Mathilde Amilhat
La Forêt
Signes et griffures sur la toile. La peinture à l'oeuf au bout du pinceau. Le pinceau au bout de mes doigts, mes doigts au bout de mon corps. Et dans mon corps, sur mon corps et loin de mon corps, ce lien continu, cet attachement vers/avec cet arbre là-bas. Les griffures de ses anfractuosités, les aiguilles de ses échardes, les visages de ses ombres, l'écriture intraduisible de son histoire. Il est comme un guide, il rythme mes gestes. Il est écho, il m'échote. Je l'échote. Ce qui se tisse là est flou et indistincte mais il y a quelque chose quand même. Pas rien. Il y a aussi cette attente, cette frustration et cette fatigue parfois. Les repères/repaires sont nombreux avant que je pose le pinceau, mais ce qui est écrit après est radicale-ment différent.










Installations
La beauté première du geste de panser les branches de buis commence dehors, dans cette forêt abîmée où beaucoup sont secs, détruits par la pyrale et d'autres, repartent, repoussent depuis les troncs et parfois depuis l'aisselle de leurs rameaux.
Leur odeur est de nouveau présente et recouvre celle de l'humus noir des ubacs.
Je tends l'oreille aux rares chants d'oiseau, aux frôlements qui froufroutent parfois.
La lumière rasante et froide tombe en rares tâches claires dans la pénombre emplie de rosée.
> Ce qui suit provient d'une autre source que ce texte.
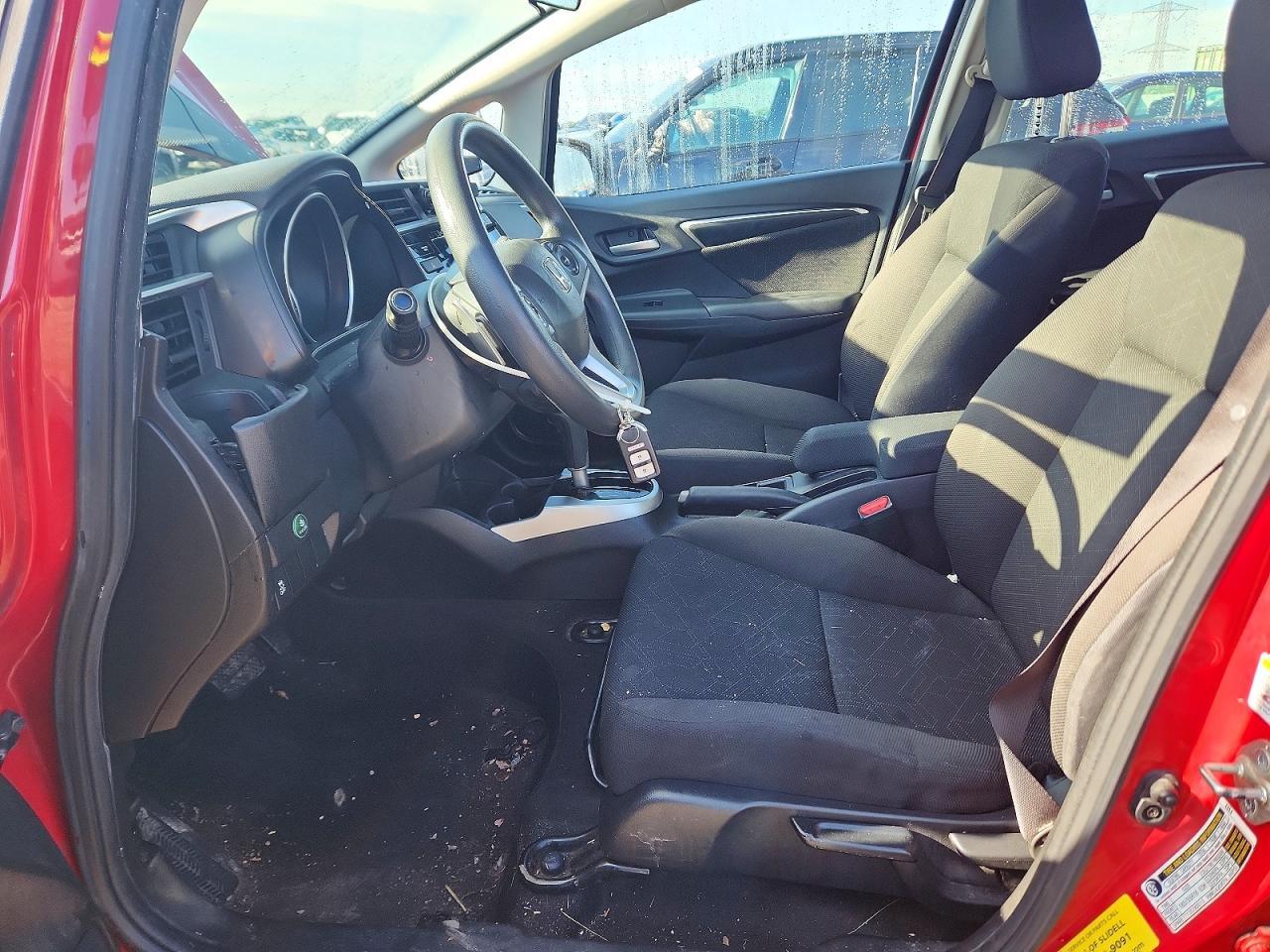 2016 Honda Fit Ex - Фото 7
Je passe par les sentiers tracés par les animaux. Leurs habitudes sillonnent le sous-bois, cassent des brindilles, empêchent les herbes de pousser, les feuilles de se déposer, et façonnent un renflement bouffant de matières organiques qui surplombent un imperceptible sillon comme un trait de gouge.
Je cherche des branches mortes et je les choisis. Ce qui m'oblige à observer un buis après l'autre. Reconnaitre le vivant, si vif. Choisir le bois mort aux racines perdues.
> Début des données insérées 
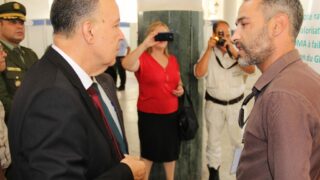 Remise dattestations aux laureats 2017 2018 de la 11eme edition du Salon de lemplo 214 6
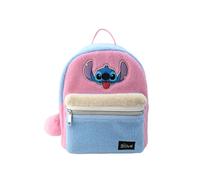 Children's backpack Nomadict Fashion Stitch Farceur Rose 28 cm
Et j'avoue, j'aime trouver les buis chantournés, de ceux qui portent sur eux des accidents, qui se sont (peut-être?) inventés autres.
Tempera
J'adore le touché de ces pages encrées.
La feuille de papier simplement imprimée ne fait pas le même bruit quand on la tourne que celle qui a été modifiée par l'encre.
En gondolant, atteintes pas l'eau qui pénètre leurs fibres, elles acquièrent une épaisseur inégale qui craque et claque quand on passe la main dessus. Les bosses et les creux formés par les différences de densité et les tensions entre le papier sec et le papier humide, lui donnent une sensualité de peau et une sonorité croustillante.
Comme si des parcelles de sa géographie de matière commençaient à exister indépendamment des autres.